=== Exercise data ===

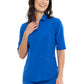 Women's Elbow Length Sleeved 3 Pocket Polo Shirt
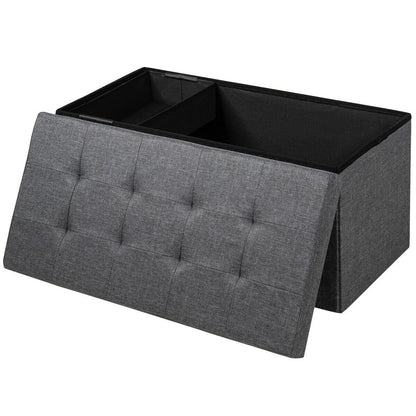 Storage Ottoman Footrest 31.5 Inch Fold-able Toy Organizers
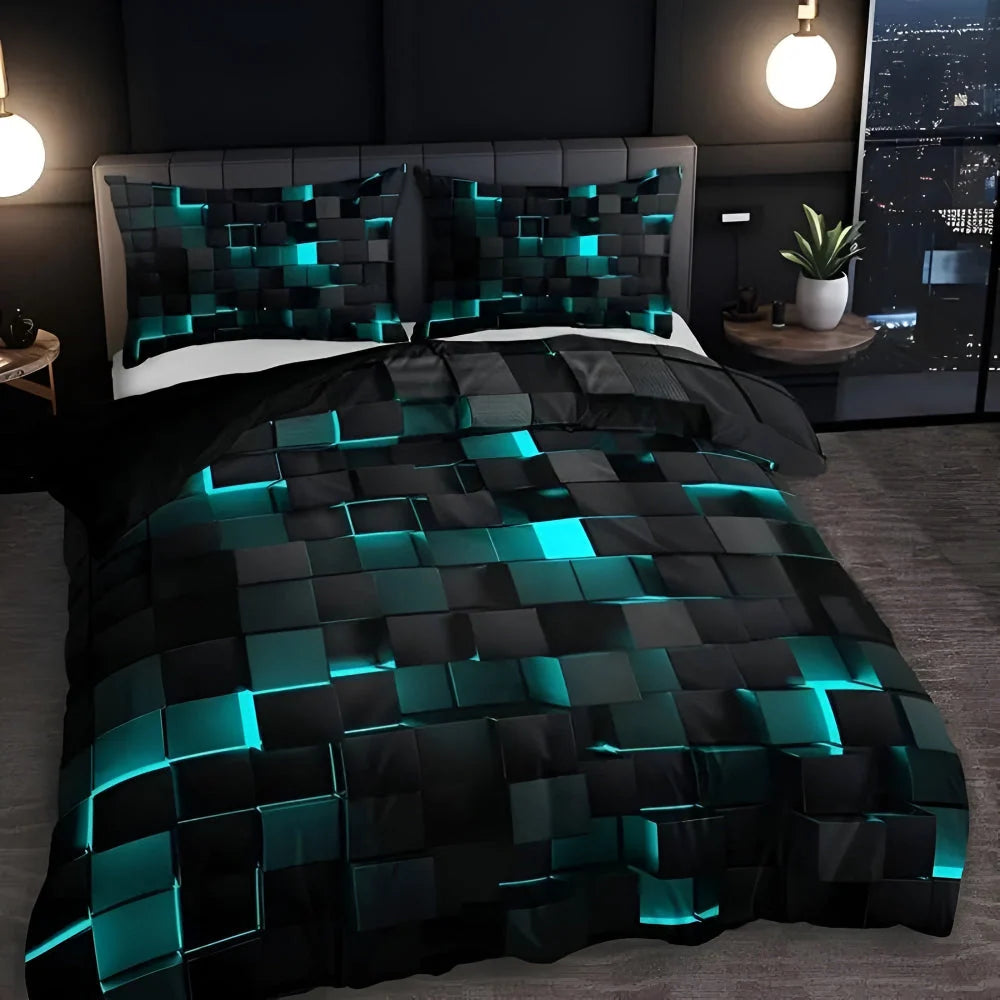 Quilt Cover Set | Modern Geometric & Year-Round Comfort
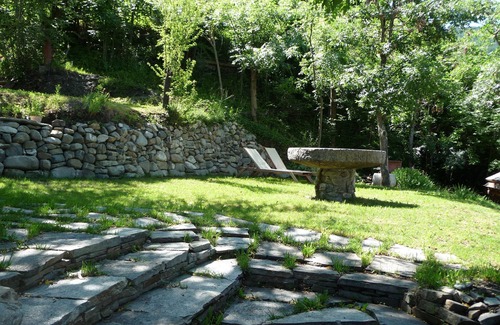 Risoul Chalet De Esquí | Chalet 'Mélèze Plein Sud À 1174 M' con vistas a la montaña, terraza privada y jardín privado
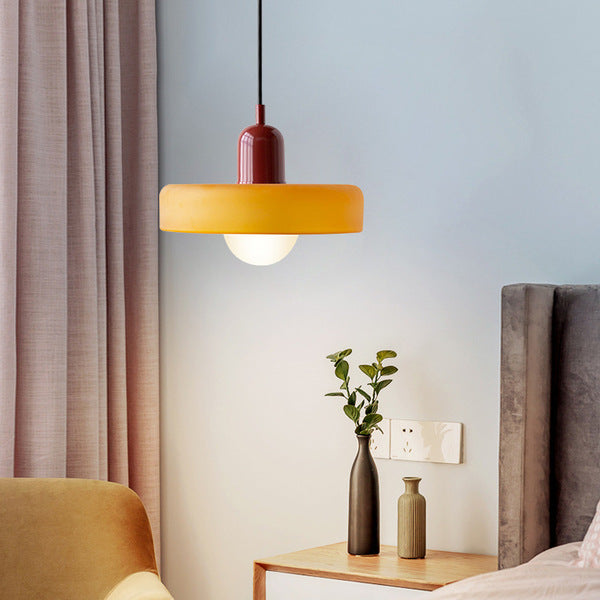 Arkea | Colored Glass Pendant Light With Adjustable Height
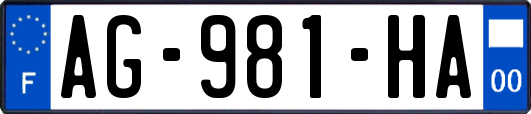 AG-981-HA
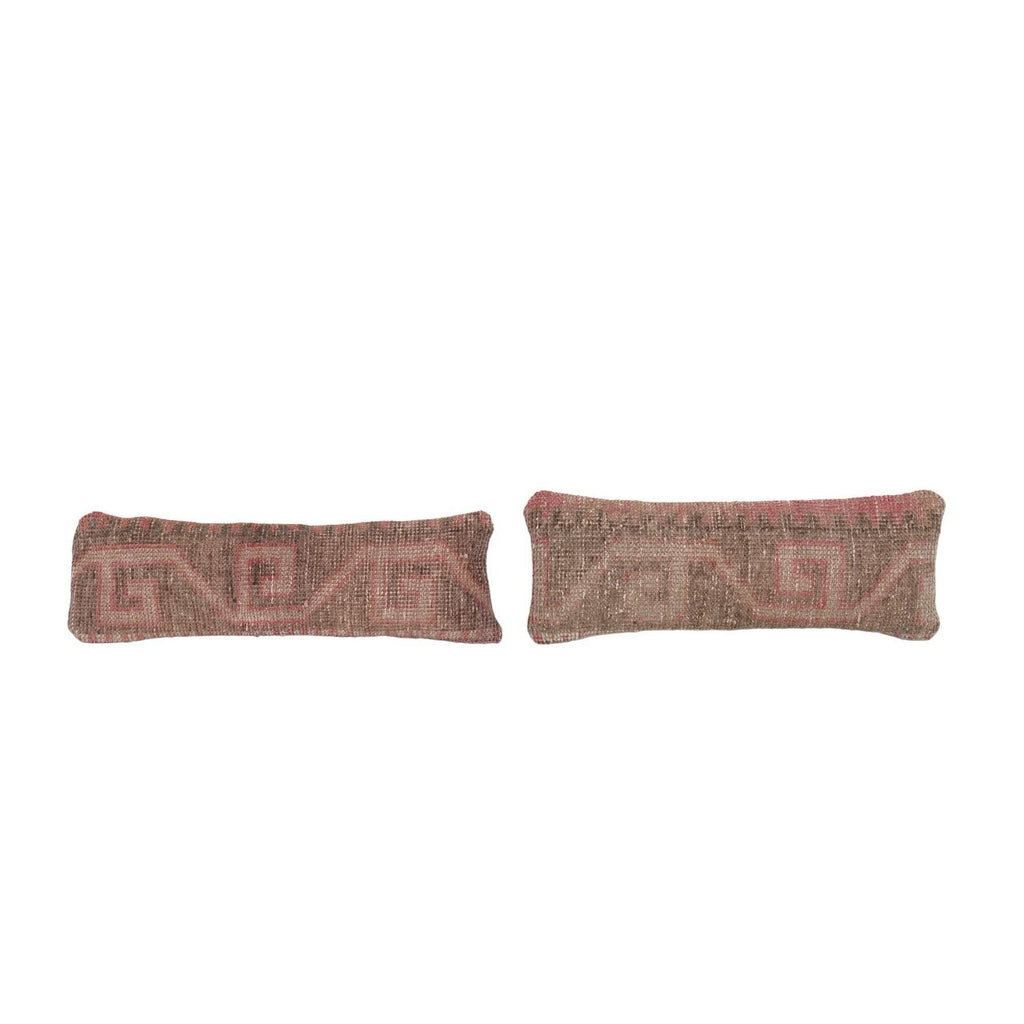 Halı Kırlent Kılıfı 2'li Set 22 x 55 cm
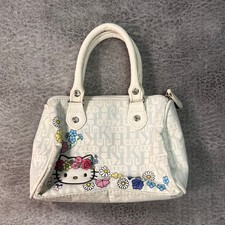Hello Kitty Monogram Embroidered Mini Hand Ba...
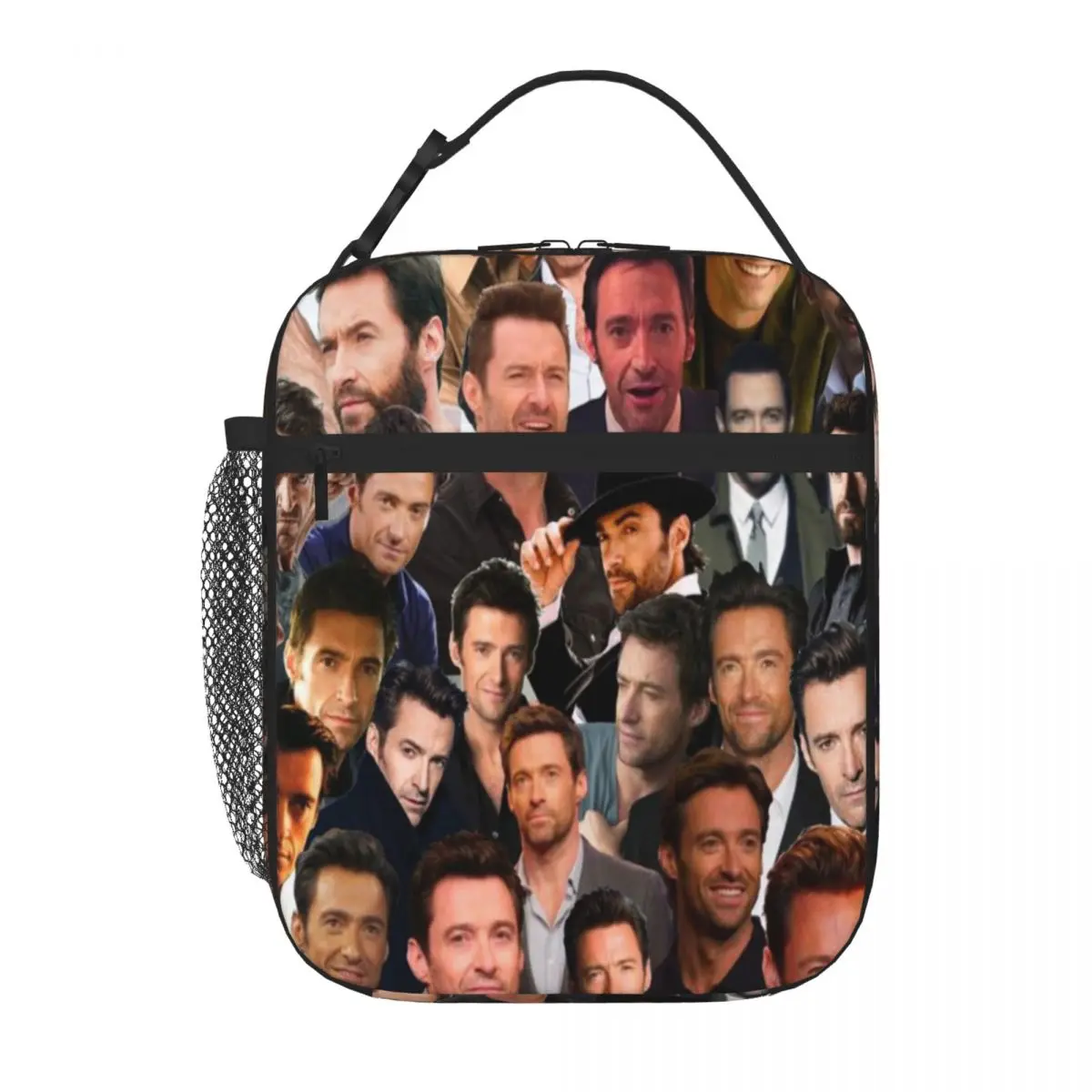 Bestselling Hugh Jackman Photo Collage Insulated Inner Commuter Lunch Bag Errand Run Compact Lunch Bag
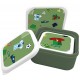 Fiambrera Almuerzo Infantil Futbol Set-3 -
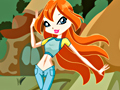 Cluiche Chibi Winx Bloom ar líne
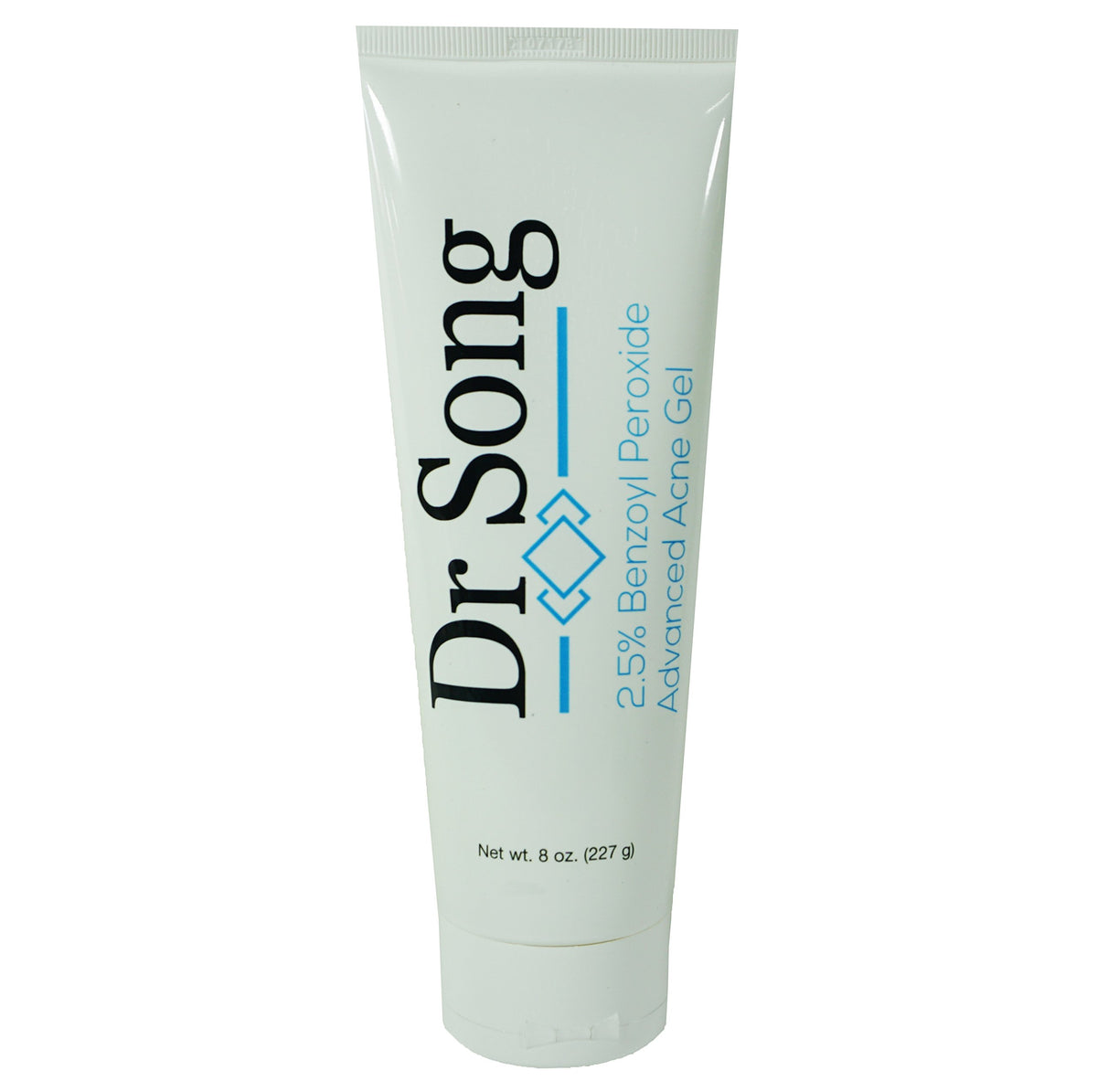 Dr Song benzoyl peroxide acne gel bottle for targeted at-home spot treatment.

===

- Description of the task
Repeat the lines of the records verbatim, starting at the line containing "Hello Kitty Monogram" and stopping after the final line. Images stay out.

- Exercise response
Hello Kitty Monogram Embroidered Mini Hand Ba...
 Bestselling Hugh Jackman Photo Collage Insulated Inner Commuter Lunch Bag Errand Run Compact Lunch Bag
 Fiambrera Almuerzo Infantil Futbol Set-3 -
 Cluiche Chibi Winx Bloom ar líne
 Dr Song benzoyl peroxide acne gel bottle for targeted at-home spot treatment.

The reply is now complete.